» Goal of the exercise
Pictures do not belong in the copy; quote every entry below exactly.

» Source material
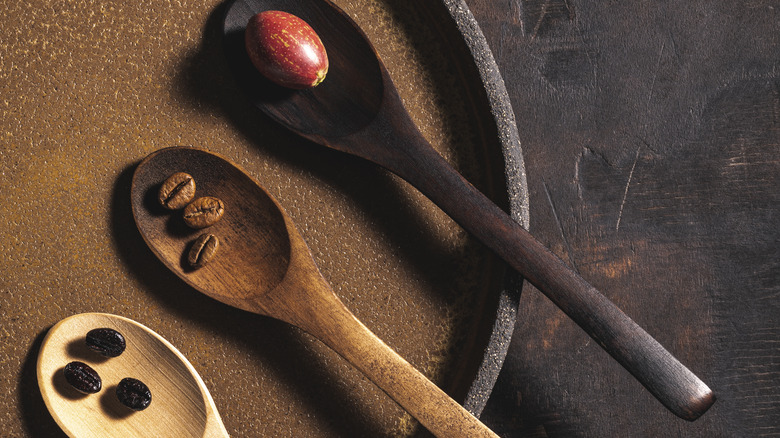 Varying coffee beans roasts on wooden spoons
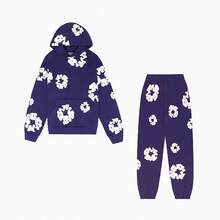 Denim Tears Cotton Wreath Sweatpants & Hoodie Set | Loose Drop Shoulder Sweatshirt, High-End Cotton Urban Street Style For Men & Women - 查看 1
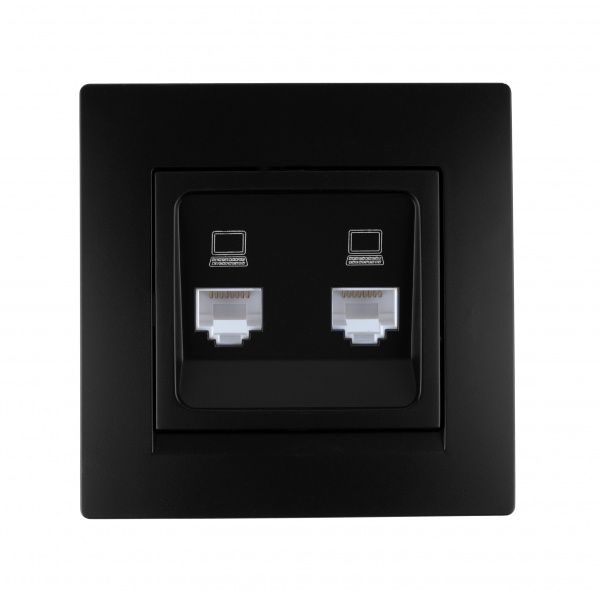 Розетка компьютерная двойная двойная UP! (Underprice) One Plus антрацит 706-4242-141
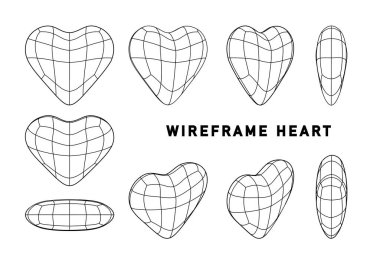 Kablo çerçeveli kalp geometrik figürleri izole edildi. Vector soyut kalp Outlane doğrusal. Sanal gerçeklik ögeleri.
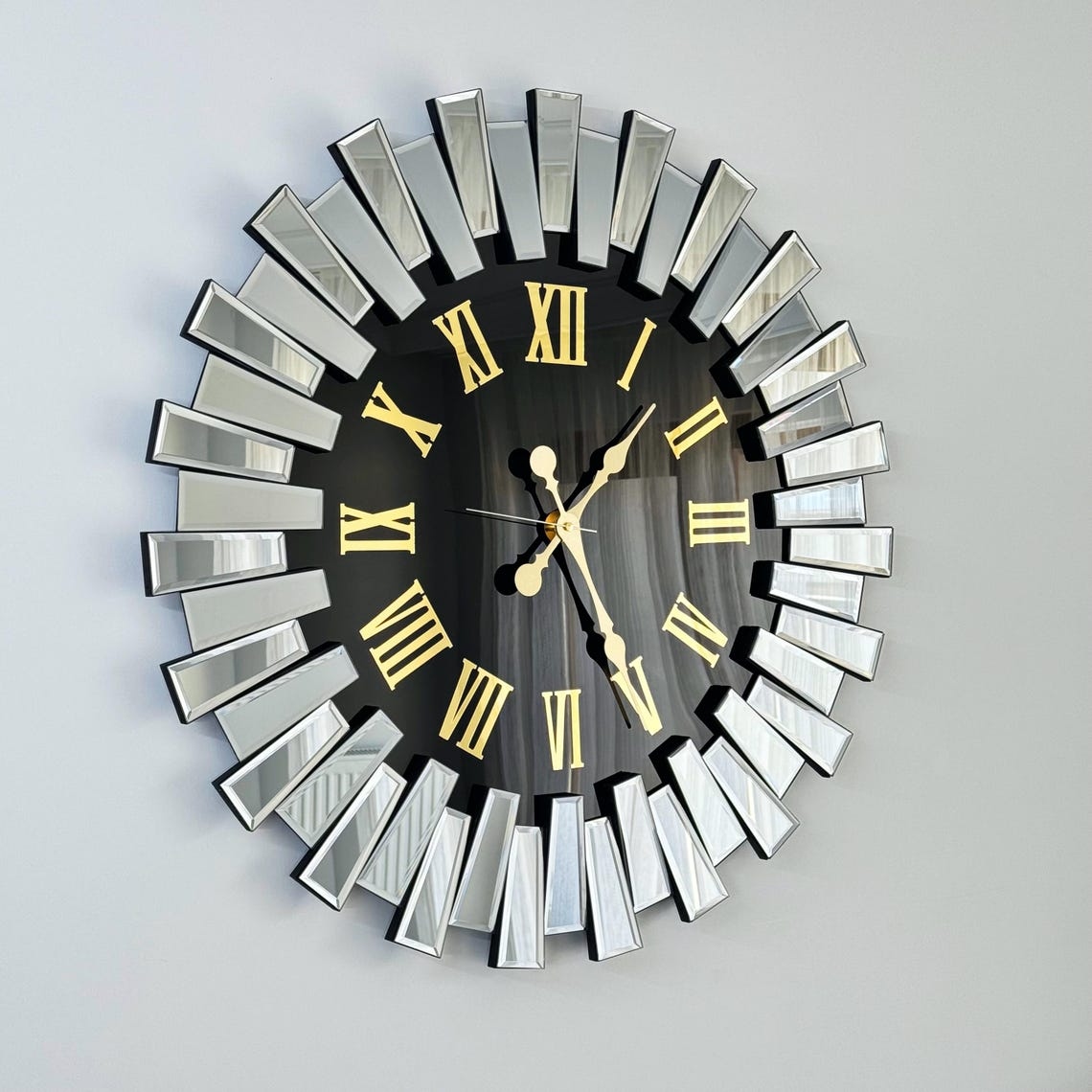 Up down Design Mirror and black dial Gold Numerals Mirror Wall Clock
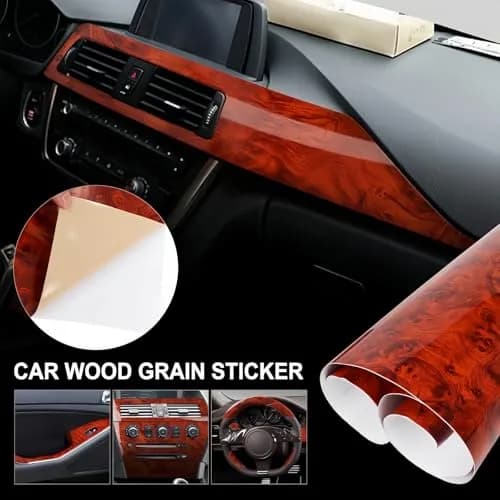 GreceYou High Glossy Wood Grain Vinyl Wrap Sticker 100x40cm | Waterproof Car Interior & Exterior Wrap thumbnail 2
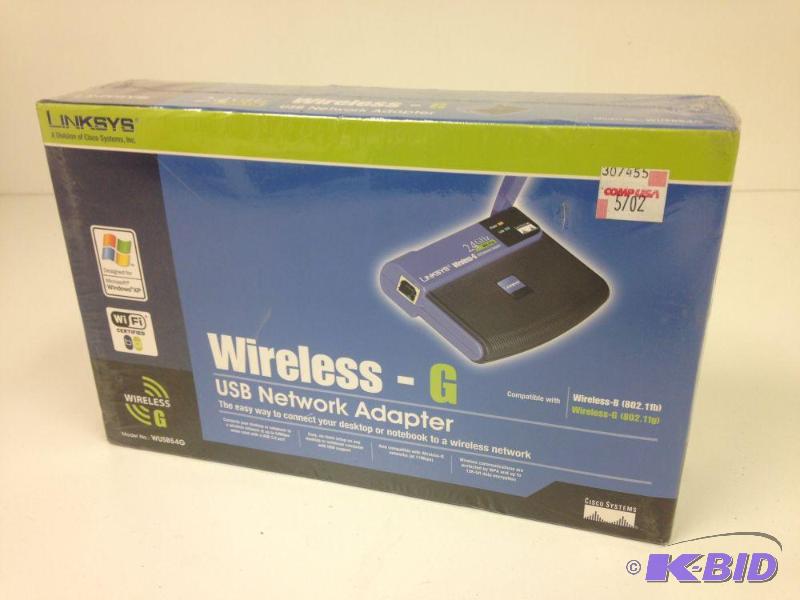 lot 44 image: NEW Wireless-G USB Network Adapter Model WU...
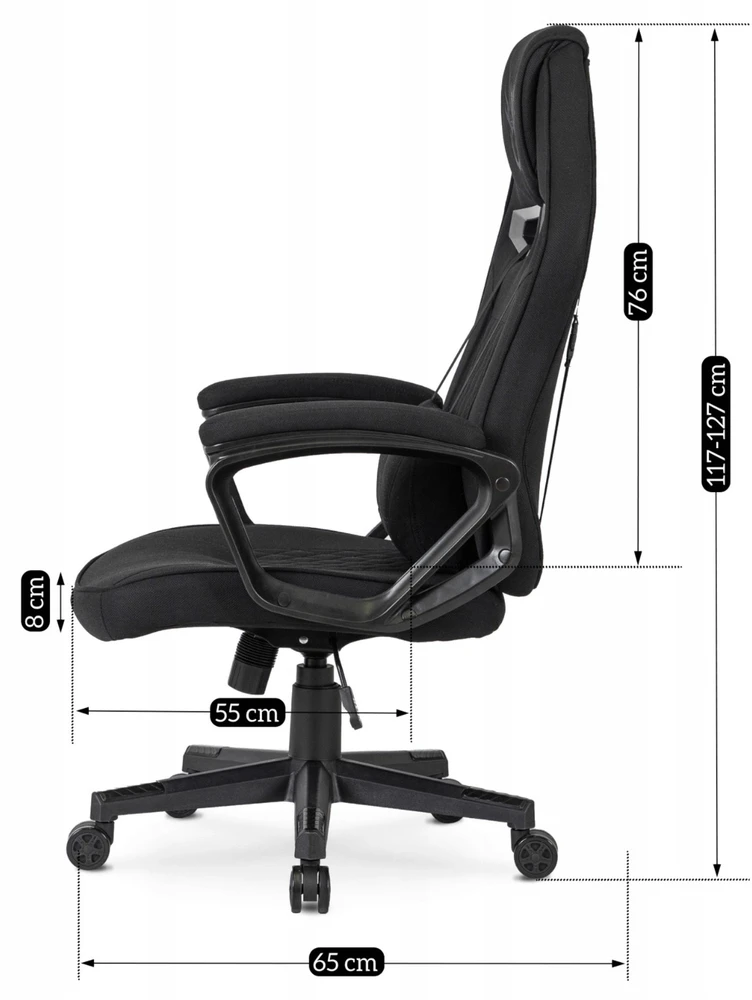 Žaidimų kėdė VIDAL – juoda, su TILT mechanizmu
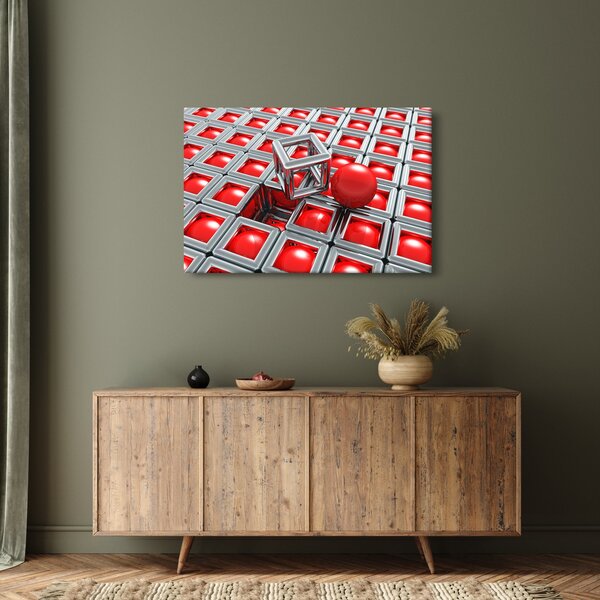Slika - 3D metalik apstrakcija (90x60 cm)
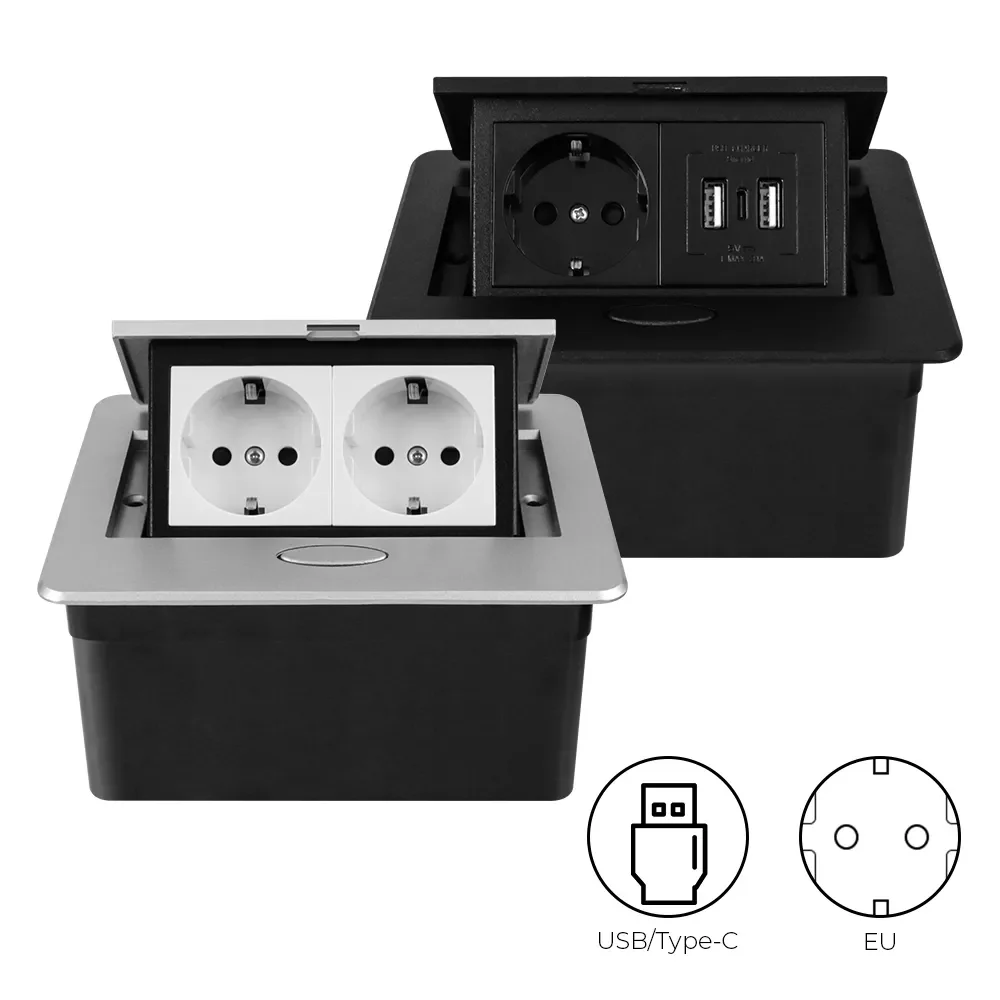 Desktop Elegant Sliver/Black Metal Pop-Up EU USB Type-C Table Outlet for Office Meeting Room Kitchen Hidden Desktop Socket.
Desktop Elegant Sliver/Black Metal Pop-Up EU USB Type-C Table Outlet for Office Meeting Room Kitchen Hidden Desktop Socket.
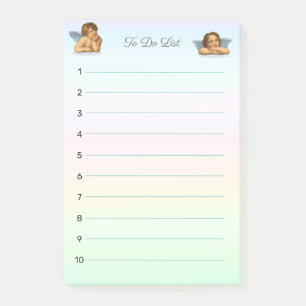 Stilisierte Raphael-Cherubim auf Pastellfarben Post-it Klebezettel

» Answer for the task
 Varying coffee beans roasts on wooden spoons
 Denim Tears Cotton Wreath Sweatpants & Hoodie Set | Loose Drop Shoulder Sweatshirt, High-End Cotton Urban Street Style For Men & Women - 查看 1
 Розетка компьютерная двойная двойная UP! (Underprice) One Plus антрацит 706-4242-141
 Kablo çerçeveli kalp geometrik figürleri izole edildi. Vector soyut kalp Outlane doğrusal. Sanal gerçeklik ögeleri.
 Up down Design Mirror and black dial Gold Numerals Mirror Wall Clock
 GreceYou High Glossy Wood Grain Vinyl Wrap Sticker 100x40cm | Waterproof Car Interior & Exterior Wrap thumbnail 2
 lot 44 image: NEW Wireless-G USB Network Adapter Model WU...
 Žaidimų kėdė VIDAL – juoda, su TILT mechanizmu
Slika - 3D metalik apstrakcija (90x60 cm)
 Desktop Elegant Sliver/Black Metal Pop-Up EU USB Type-C Table Outlet for Office Meeting Room Kitchen Hidden Desktop Socket.
Desktop Elegant Sliver/Black Metal Pop-Up EU USB Type-C Table Outlet for Office Meeting Room Kitchen Hidden Desktop Socket.
 Stilisierte Raphael-Cherubim auf Pastellfarben Post-it Klebezettel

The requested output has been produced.